### What you need to do
From the line containing "Victor Loe, ambassadeur" through the last line of the data, both ends included, write out every line exactly; omit the pictures.

──────── Raw data ────────

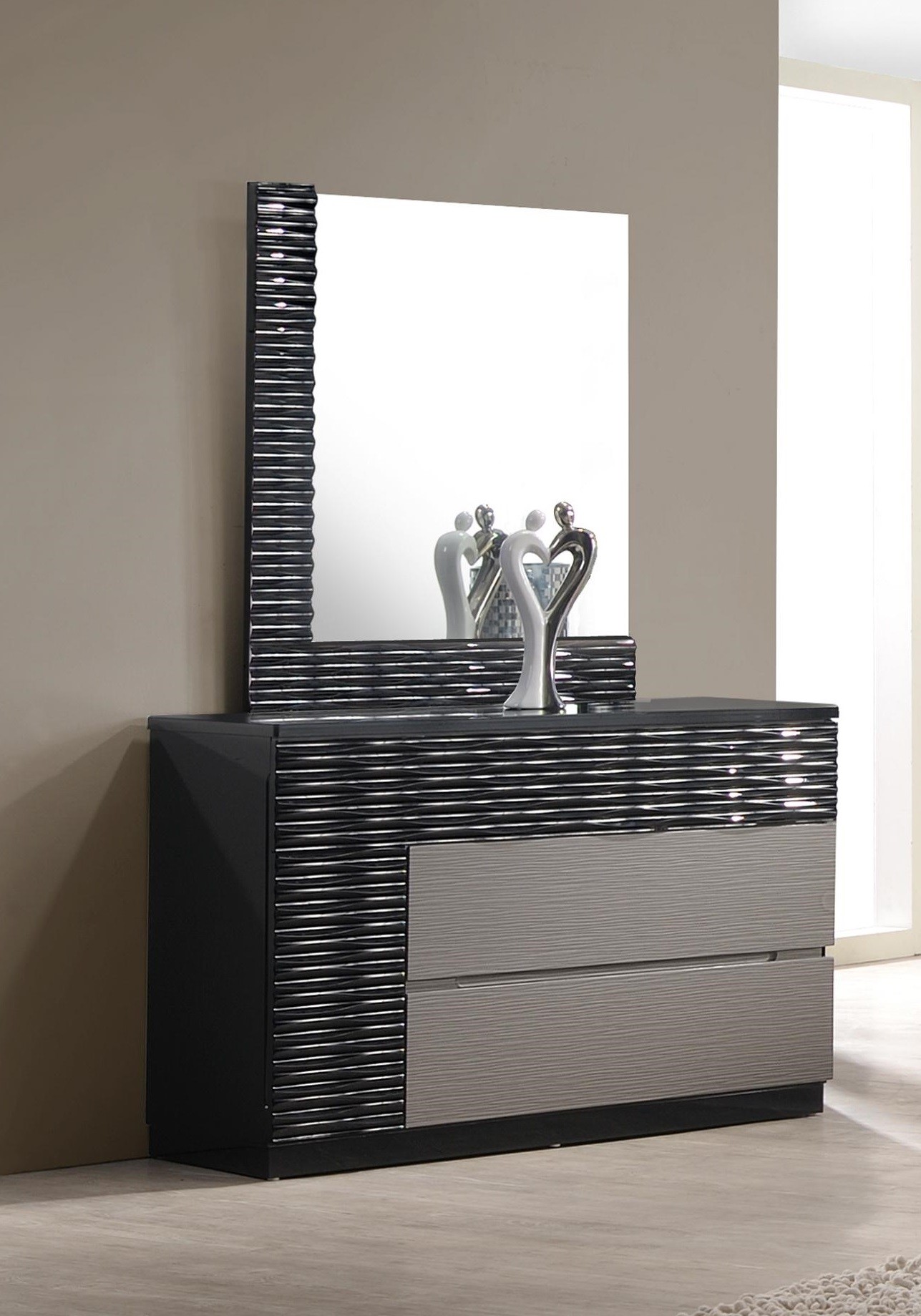 Bowery Dresser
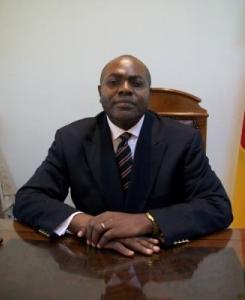 Victor Loe, ambassadeur  du Cameroun en Tunisie, en charge des Camerounais sur le sol Libyen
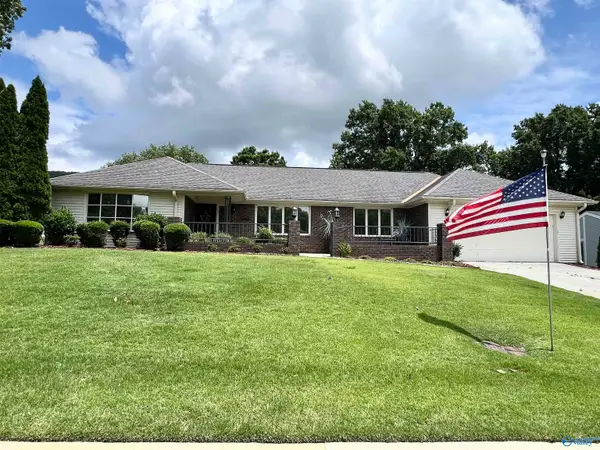 9403 Dons Court Se, Huntsville, AL 35803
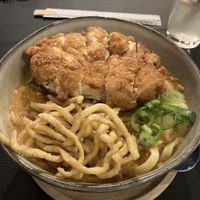 Thaise soep met ‘chicken’ (tofu) en crispy noodles  at TAKE in Mechelen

────────

### Solution to this task
 Victor Loe, ambassadeur  du Cameroun en Tunisie, en charge des Camerounais sur le sol Libyen
 9403 Dons Court Se, Huntsville, AL 35803
 Thaise soep met ‘chicken’ (tofu) en crispy noodles  at TAKE in Mechelen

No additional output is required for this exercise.